Le Comité accueille avec satisfaction le quatrième rapport périodique du Chili, le document de base (HRI/CORE/CHL/2013) et les réponses à sa liste de points (E/C.12/CHL/Q/4/Add.1). Il se félicite du dialogue constructif établi avec la délégation de haut niveau composée de spécialistes de plusieurs ministères.

B.Aspects positifs

Le Comité note avec satisfaction que l’État partie a ratifié les instruments internationaux suivants :

a)La Convention internationale pour la protection de toutes les personnes contre les disparitions forcées, le 8 décembre 2009;

b)Le Protocole facultatif se rapportant à la Convention contre la torture et autres peines ou traitements cruels, inhumains ou dégradants, le 12 décembre 2008;

c)Le deuxième Protocole facultatif se rapportant au Pacte international relatif aux droits civils et politiques, visant à abolir la peine de mort, le 26 septembre 2008;

d)La Convention relative aux droits des personnes handicapées et le Protocole facultatif s’y rapportant, le 29 juillet 2008;

e)La Convention internationale sur la protection des droits de tous les travailleurs migrants et des membres de leur famille, le 21 mars 2005.

Le Comité salue l’adoption de :

a)La loi no 20845 relative à l’accès à l’école pour tous, le 29 mai 2015;

b)La loi no 20830 portant création de l’Accord d’union civile, le 28 janvier 2015;

c)La loi no 20786 portant modification des dispositions relatives à la journée de travail, au repos et à la composition de la rémunération des domestiques, le 19 octobre 2014;

d)La loi no 20545 portant modification des normes sur la protection de la maternité et incorporant le congé parental postnatal, le 6 octobre 2011.

Le Comité salue l’action menée par l’État partie pour intégrer les droits de l’homme dans la planification, la conception, l’exécution, le suivi et l’évaluation des politiques et programmes sociaux. En particulier, le Comité salue la création :

a)Du Ministère de la femme et de l’égalité des sexes, en 2015;

b)Du Conseil national de l’enfance, en 2014;

c)De l’Institut national des droits de l’homme, en 2009.

Le Comité accueille avec satisfaction le projet de l’État partie de ratifier le Protocole facultatif se rapportant au Pacte international relatif aux droits économiques, sociaux et culturels.

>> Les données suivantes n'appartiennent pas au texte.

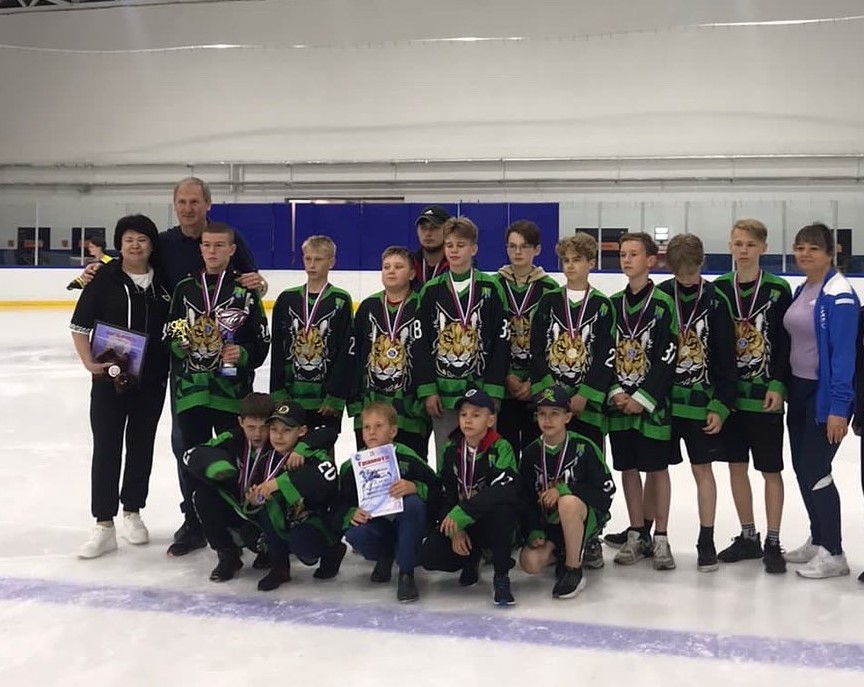 Ольга Носенко поздравила победителей областного турнира по хоккею с шайбой в Тулуне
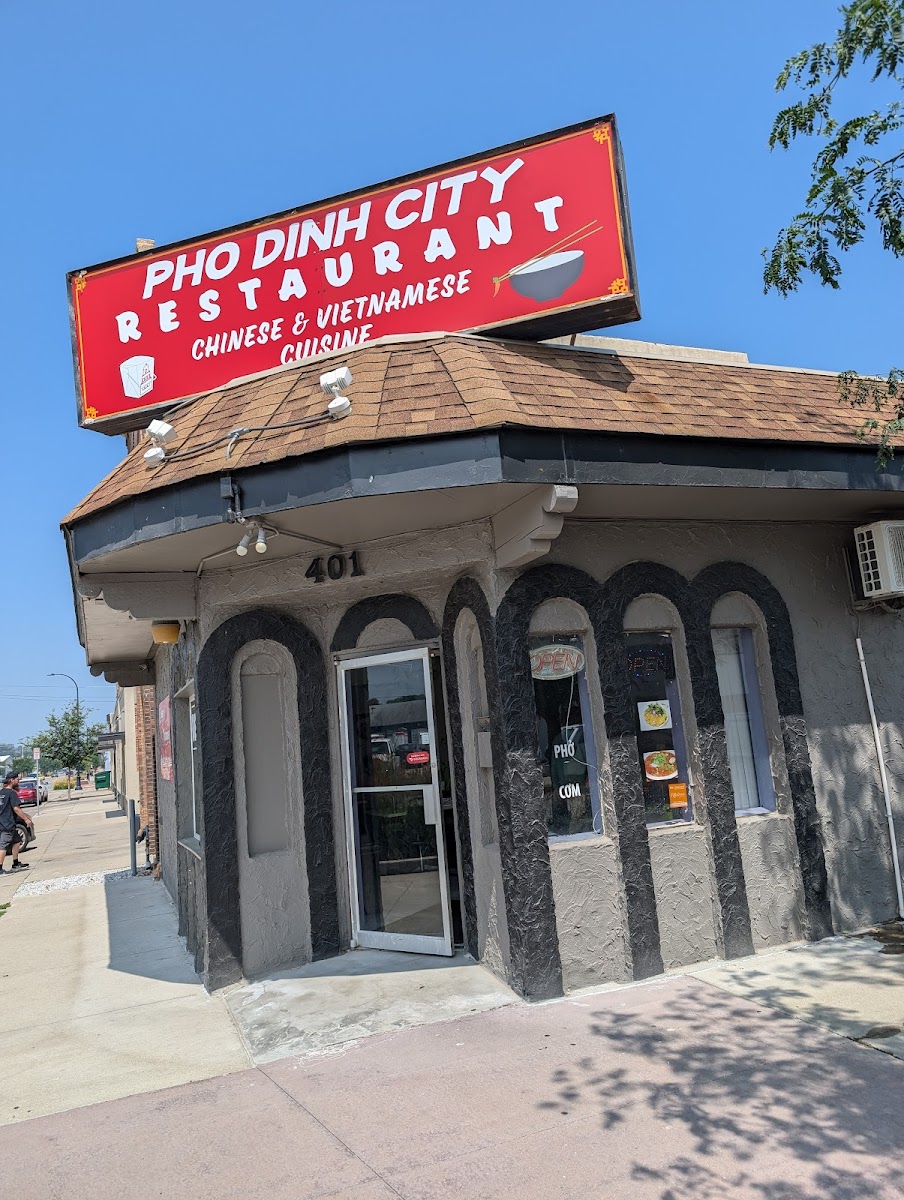 Pho Dinh City Restaurant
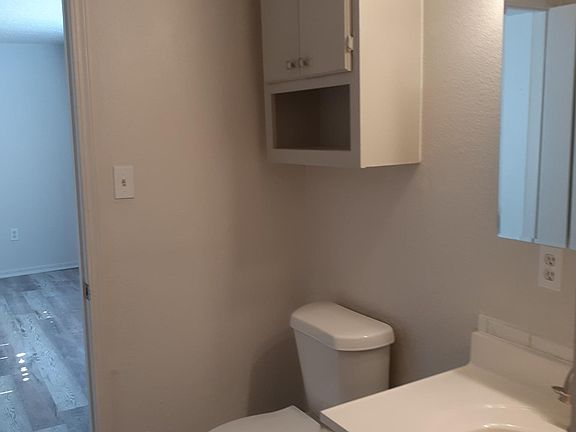 3rd image of 915 1/2 E Beverly St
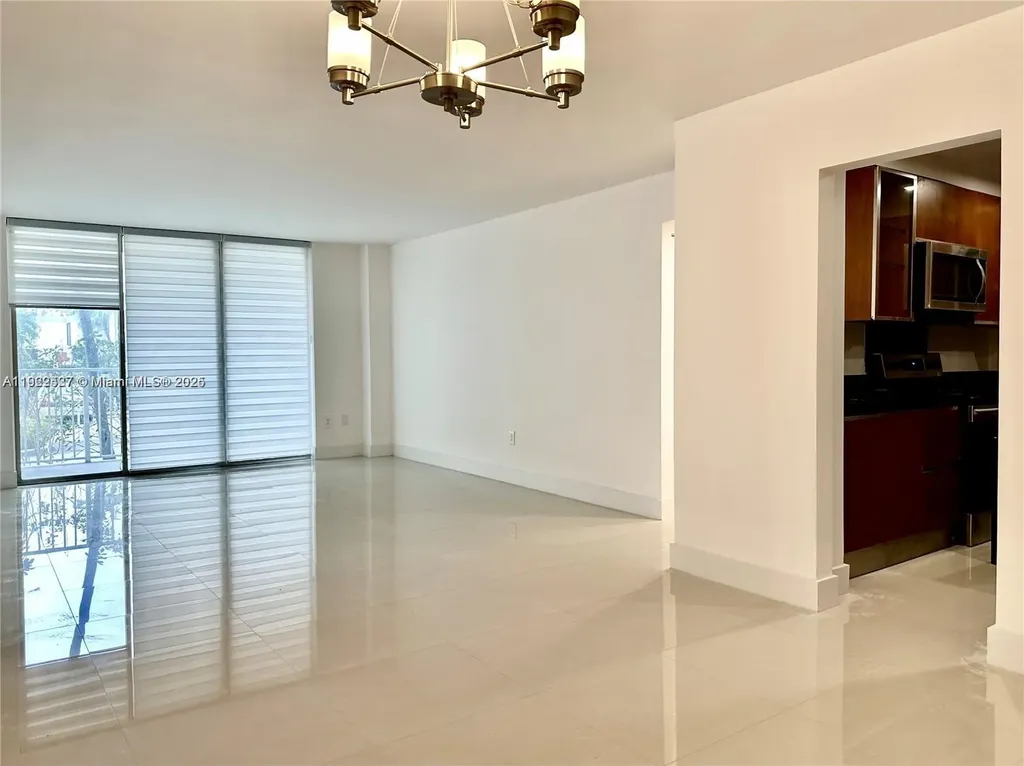 2851 NE 183rd Street Aventura FL 33160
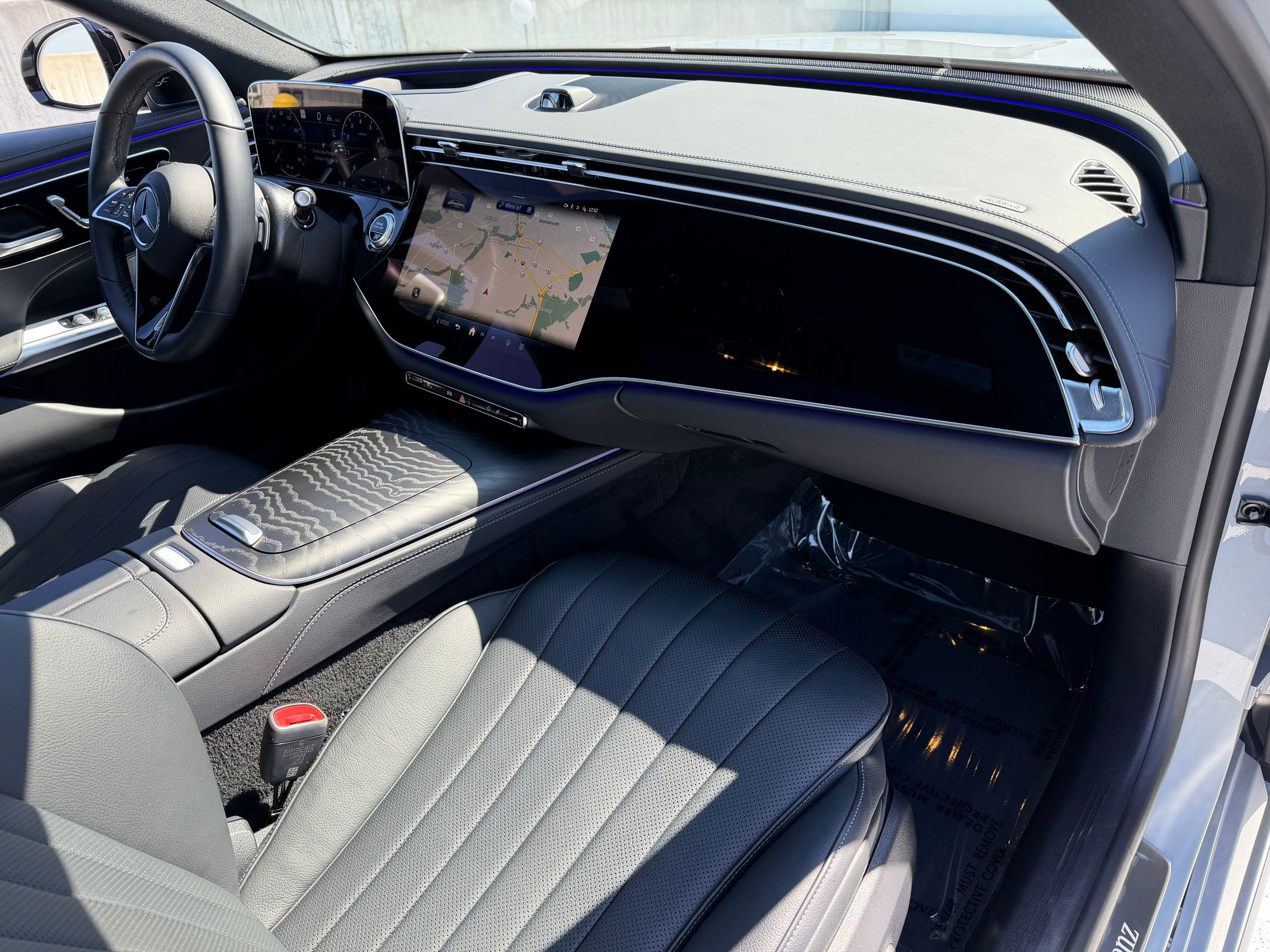 Used 2025 Mercedes-Benz E 350 4MATIC Sedan image 15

C.Principaux motifs de préoccupation et recommandations

Justiciabilité des droits consacrés par le Pacte

Le Comité note avec satisfaction les renseignements fournis par l’État partie sur l’application du Pacte par les tribunaux nationaux et sur la réforme constitutionnelle qui va commencer, mais il souhaite exprimer de nouveau sa préoccupation (voir E/C.12/1/Add.105, par. 12) sur le fait que certains droits économiques, sociaux et culturels ne sont pas reconnus dans la Constitution. Il est également préoccupé de constater que le recours en protection créé par la Constitution exclut de la protection juridique certains des droits protégés par le Pacte et en limite ainsi l’applicabilité directe par les tribunaux nationaux (art. 2, par. 1).

Compte tenu de sa recommandation précédente (E/C.12/1/Add.105, par. 29), le Comité recommande à l ’ État partie de garantir la reconnaissance complète et la protection juridique nécessaire des droits économiques, sociaux et culturels dans le nouveau texte constitutionnel, et de faire en sorte que la réforme constitutionnelle prévue soit transparente et participative. Il appelle aussi l ’ attention de l ’ État partie sur son o bservation générale n o 9 (1998) concernant l ’ application du Pacte au niveau national.

Droits des peuples autochtones

Le Comité demeure préoccupé par le fait que les droits des peuples autochtones ne sont toujours pas reconnus au niveau constitutionnel et que l’État partie ne s’est toujours pas doté d’un dispositif juridique qui oblige d’obtenir le consentement libre et éclairé des peuples autochtones préalablement à toute décision susceptible d’avoir une incidence sur l’exercice de leurs droits économiques, sociaux et culturels. Il est aussi préoccupé par le fait que, malgré l’action menée par l’État partie concernant la délimitation des terres autochtones, le droit qu’ont les peuples autochtones de disposer librement de leurs richesses et de leurs ressources naturelles ainsi que de leurs terres ancestrales jouit d’une protection limitée (art. 1).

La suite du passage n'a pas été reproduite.